Aber der Rechtsstaat ist in dem Bewusstsein errungen worden, dass ein Gesetz des Lebens ebenfalls gilt: Grob vereinfacht wird der wertgebundene Mensch dem skrupellosen Mörder im Ernstfall immer unterlegen sein, schlicht weil er Skrupel empfindet. Wenn ein Mensch einen anderen heimtückisch umbringen will, dann wäre es für das potenzielle Opfer durchaus günstiger, den potenziellen Täter vorher erschossen zu haben. Weil aber die Heimtücke üblicherweise die letzte Gewissheit über das Attentat bis zum Attentat ausschließt, müsste das potenzielle Opfer den potenziellen Täter auf der Grundlage seines Verdachts töten, einsperren oder anderweitig unschädlich machen. Im Fall des islamistischen Terrors, dem die Heimtücke innewohnt, müsste das potenzielle Opfer Deutschland in vorsorglicher Notwehr zum Täter werden. Die Frage ist: Darf es eine präventive Notwehr geben?

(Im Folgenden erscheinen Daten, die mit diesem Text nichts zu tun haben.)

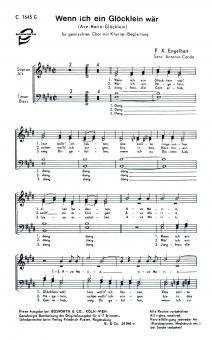 Ave-Maria-Glöcklein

Der Innenminister hat die gezielte Tötung von Terrorverdächtigen ins Gespräch gebracht und sich auf den finalen Rettungsschuss berufen, der es der Polizei erlaubt, einen Geiselnehmer zu erschießen. Der Geiselnehmer hat bereits eine Straftat begangen und droht mit dem Schlimmsten. Darf aber ein präventiver Rettungsschuss einen Verdächtigen zur Strecke bringen?
Der Innenminister redet auch über die Internierung von so genannten Gefährdern und bezieht sich auf den Unterbindungsgewahrsam für Hooligans. Diese werden für die Dauer eines Fußballspiels eingesperrt. Wann aber ist für einen Terrorverdächtigen das Spiel vorbei? Und wird man nicht beweisen müssen, dass die Haft begründet ist? In Guantánamo wird die Beweisführung mit Hilfe von Folter praktiziert.
Seine Gedanken hat Schäuble nicht als Forderungen formuliert, aber ganz sicher auch nicht bloß, um Widerspruch zu erregen. Wenn man über Videoüberwachung und Online-Durchsuchungen diskutiert, bemisst sich der Preis der Sicherheit in der Einschränkung von Freiheit. Wenn man über Töten und Internieren diskutieren will, muss man den Preis ebenfalls benennen: die Einschränkung des Wertebewusstseins, die in den USA nach dem Schock des 11. September zu beobachten war. Soll Deutschland dem Beispiel präventiv folgen, um dem Schock zu entgehen? Bisher bestand die Prävention des Rechtsstaats vor allem in der Verbreitung von Werten und Skrupeln.